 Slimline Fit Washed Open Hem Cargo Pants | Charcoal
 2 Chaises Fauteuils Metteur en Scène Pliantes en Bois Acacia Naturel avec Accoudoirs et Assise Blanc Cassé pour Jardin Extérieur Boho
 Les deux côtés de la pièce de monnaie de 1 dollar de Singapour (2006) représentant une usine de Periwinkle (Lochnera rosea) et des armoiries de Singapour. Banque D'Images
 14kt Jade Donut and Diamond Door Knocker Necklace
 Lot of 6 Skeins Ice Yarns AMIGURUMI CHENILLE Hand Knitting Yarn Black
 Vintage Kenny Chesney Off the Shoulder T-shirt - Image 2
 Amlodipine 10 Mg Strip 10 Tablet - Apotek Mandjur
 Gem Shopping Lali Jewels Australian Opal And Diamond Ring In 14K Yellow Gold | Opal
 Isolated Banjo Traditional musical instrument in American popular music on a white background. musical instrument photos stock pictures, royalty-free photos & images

*ASSIGNMENT*. Only an exact retyping of the full data will do.

*WRITTEN ANSWER*.
 Slimline Fit Washed Open Hem Cargo Pants | Charcoal
 2 Chaises Fauteuils Metteur en Scène Pliantes en Bois Acacia Naturel avec Accoudoirs et Assise Blanc Cassé pour Jardin Extérieur Boho
 Les deux côtés de la pièce de monnaie de 1 dollar de Singapour (2006) représentant une usine de Periwinkle (Lochnera rosea) et des armoiries de Singapour. Banque D'Images
 14kt Jade Donut and Diamond Door Knocker Necklace
 Lot of 6 Skeins Ice Yarns AMIGURUMI CHENILLE Hand Knitting Yarn Black
 Vintage Kenny Chesney Off the Shoulder T-shirt - Image 2
 Amlodipine 10 Mg Strip 10 Tablet - Apotek Mandjur
 Gem Shopping Lali Jewels Australian Opal And Diamond Ring In 14K Yellow Gold | Opal
 Isolated Banjo Traditional musical instrument in American popular music on a white background. musical instrument photos stock pictures, royalty-free photos & images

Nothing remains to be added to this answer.